** EXERCISE **
Without including any pictures, write out the listing below exactly.

** INPUT DATA **
--------

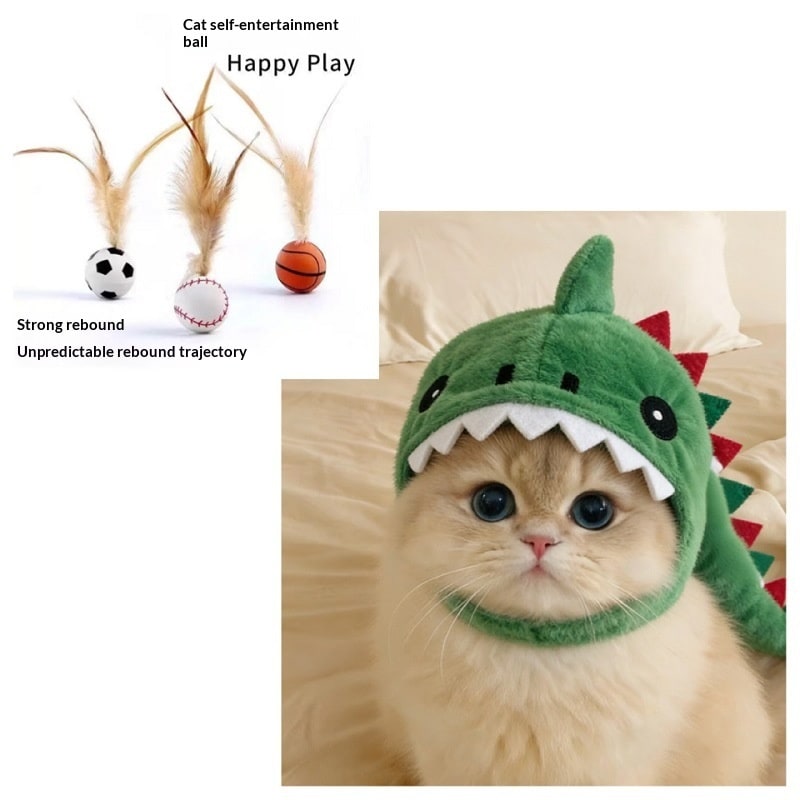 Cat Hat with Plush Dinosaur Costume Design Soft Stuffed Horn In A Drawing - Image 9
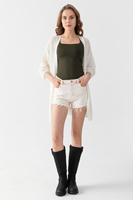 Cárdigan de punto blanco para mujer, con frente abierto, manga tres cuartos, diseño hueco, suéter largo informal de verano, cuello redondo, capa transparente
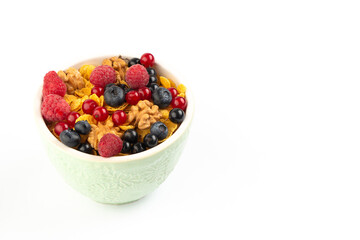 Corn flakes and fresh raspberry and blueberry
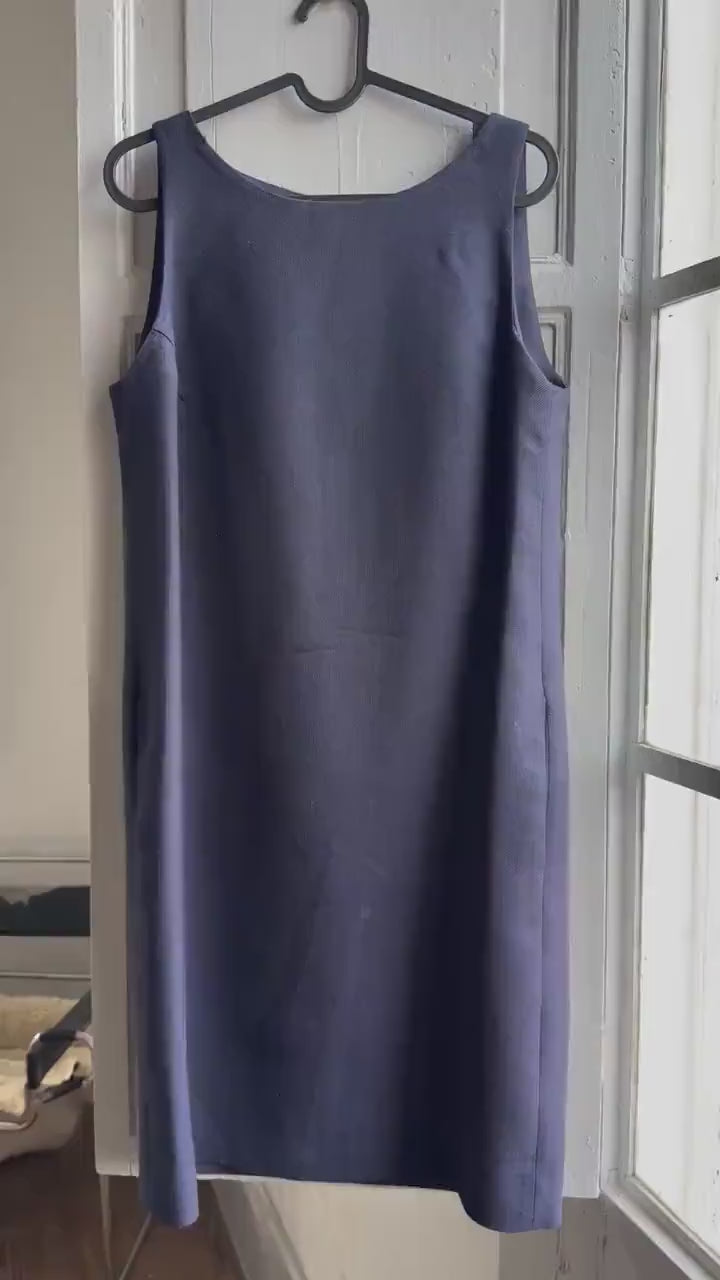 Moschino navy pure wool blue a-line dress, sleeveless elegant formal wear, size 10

--------

** RESPONSE AREA **
 Cat Hat with Plush Dinosaur Costume Design Soft Stuffed Horn In A Drawing - Image 9
 Cárdigan de punto blanco para mujer, con frente abierto, manga tres cuartos, diseño hueco, suéter largo informal de verano, cuello redondo, capa transparente
 Corn flakes and fresh raspberry and blueberry
 Moschino navy pure wool blue a-line dress, sleeveless elegant formal wear, size 10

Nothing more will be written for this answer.